Wheelchair Motocross World Champion and Paralympic athlete Aaron "Wheelz" Fotheringham could not believe it when Hot Wheels approached him for a collaboration.

Hot Wheels launches its first remote-controlled wheelchair toy
Image Source: (Left) Aaron Fotheringham / Facebook (Right) Hot Wheels Store / Amazon

In partnership with the five-time Wheelchair Motocross World Champion and Paralympic athlete Aaron "Wheelz" Fotheringham, Hot Wheels has developed its first-ever remote-controlled wheelchair toy. The toy is intended to expand the representation of children who use wheelchairs. Fotheringham was born with spina bifida and since the age of 8 has been a full-time wheelchair user. He is best known for performing elaborate tricks and backflips in his wheelchair. The toy is currently available for purchase from Hot Wheels' parent company, toymaker Mattel, on Amazon. The remote-controlled toy was crafted to mimic Fotheringham's custom-built wheelchair and is even painted green to match his, CNN reports.



 

For the Paralympian, the collaboration is a dream come true. He noted in an interview with the news outlet, "Growing up, I did not have anything like this." At the launch event for the toy, he saw children, including wheelchair users, "having fun" playing with the toy. He stated, "You could kind of see their faces light up." According to Fotheringham, the toy is a way for children to think beyond their realities, as it "really gives you that freedom of imagination." The toy features a built-in action figure made to look exactly like him in addition to a remote control and a ramp, so it can perform tricks just like he does.



 

Reportedly, the athlete could not believe it when Hot Wheels approached him for the partnership. He said, "For Hot Wheels to want to do my chair was the biggest compliment ever." Fotheringham hopes that the toy helps shift public perception of wheelchairs, showing that a medical device can also be fun and adventurous. "I think the [remote-controlled toy] is awesome," he reiterated. "Because it really brings a positive, fun light to something that otherwise people make way too serious."



 

Gerry Cody, director of product design for Hot Wheels RC and Innovation at Mattel, agreed. He said he hopes the toy will inspire children to push past perceived limitations.

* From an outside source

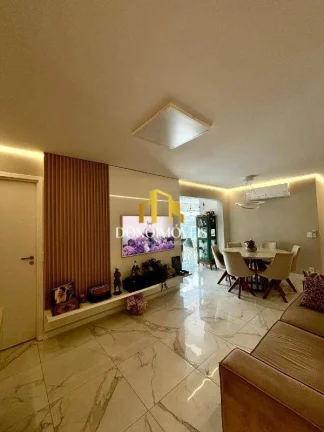 Imagem Este imóvel de 96m² foi projetado para oferecer conforto e funcionalidade, contando com depósito ...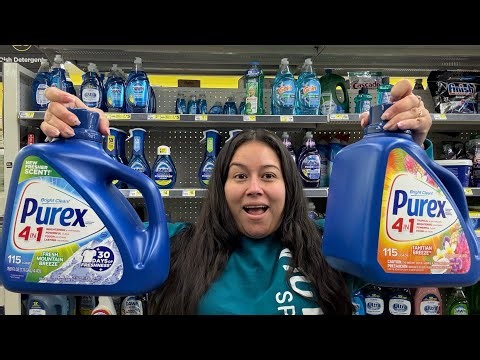 ‼️✅ NOW WE'RE REALLY GOING FOR IT!! LET'S GO WITH GALLONS OF PUREX!! ✅‼️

He affirmed in a statement, "We are excited for our latest collaboration with Aaron 'Wheelz' Fotheringham and introduction of our first-ever Hot Wheels R/C wheelchair toy, reinforcing our goal to inspire kids to break boundaries and pursue their dreams no matter what personal challenges they may face. We worked closely with Aaron to ensure this product was an accurate representation of his wheelchair, and a fun toy to play with. We cannot wait to see all the stories that come with a first-ever, one-of-a-kind toy like this."



 

Fotheringham launched his wheelchair motocross career when he visited a skate park at age 8. During his visit, his brother suggested that he try dropping into the skate ramp on his wheelchair. Following a few unsuccessful attempts, he was finally able to do it. "Then I abandoned everything else and became obsessed with the skate park," the athlete shared. "What I enjoyed about going to the skate park, and what I still enjoy, is you can be as creative as you want. You are never really bored. If you are bored, you are not progressing."